Cheval Robert is the smaller of Datura's servants, but is still quite strong. He shows far more emotion than Andre (which still isn't much). When Odd meets Datura for the first time, Andre stands next to her at the window and observes the storm. Robert instead chooses to watch the candles with a childlike intrigue. When Andre and Robert are given the job of guarding the lanterns for Odd and Datura in the casino, Andre stands firm and silent, while Robert appears to be a bit nervous. Odd encounters Robert in a hotel suite while hiding from Datura. Robert is immediately aware of Odd, but chooses to ignore him, choosing to watch the storm at the window first. Robert then turns to Odd and walks toward him, never bothering to raise his revolver. At this moment, Robert makes the only noise heard from either he or Andre. It is a low pitched groan that sounds exasperated.
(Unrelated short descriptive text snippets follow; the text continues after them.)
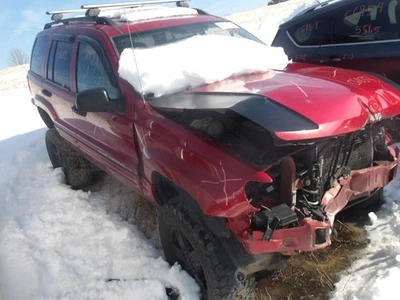 Motor de caja de fusibles compatible con 00-04 Grand Cherokee 2056001 Foto 1 de 4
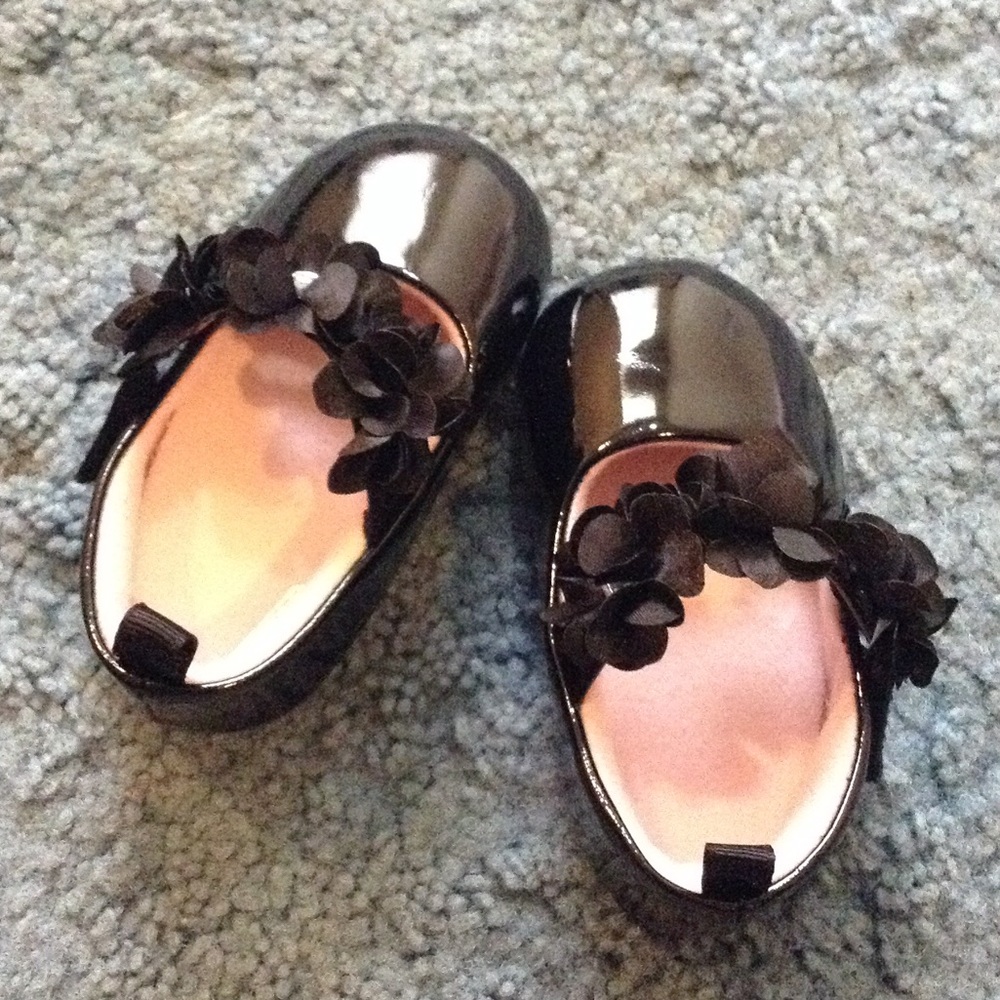 Baby dress shoes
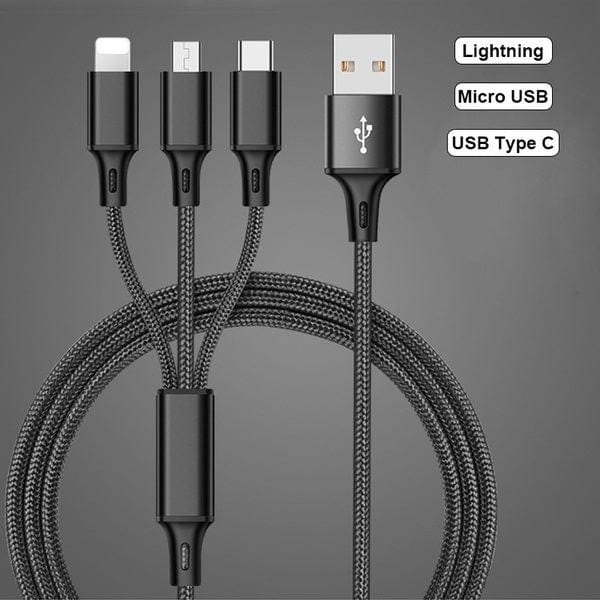 BroDeals USB Charging Cable USB Charging Cable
Robert then begins to raise his revolver hand. Odd shoots Robert four times with a shotgun, causing him to fall off the hotel balcony. His body disappears. Robert and Andre are perhaps zombies, animated by Datura's stolen ti bon ange (Good Little Angel). They appear to have a hunger for flesh and they never speak.

==Quotes==
- "If one's friends do not openly laugh at him, they are not in fact his friends. How else would one learn to avoid saying those things that would elicit laughter from strangers? The mockery of friends is affectionate and inocculates from foolishness."

==Odd Series==
Forever Odd is the second of seven novels about Odd Thomas; the first being Odd Thomas, the third Brother Odd, the fourth Odd Hours, the fifth Odd Apocalypse, the sixth Deeply Odd, and the seventh Saint Odd.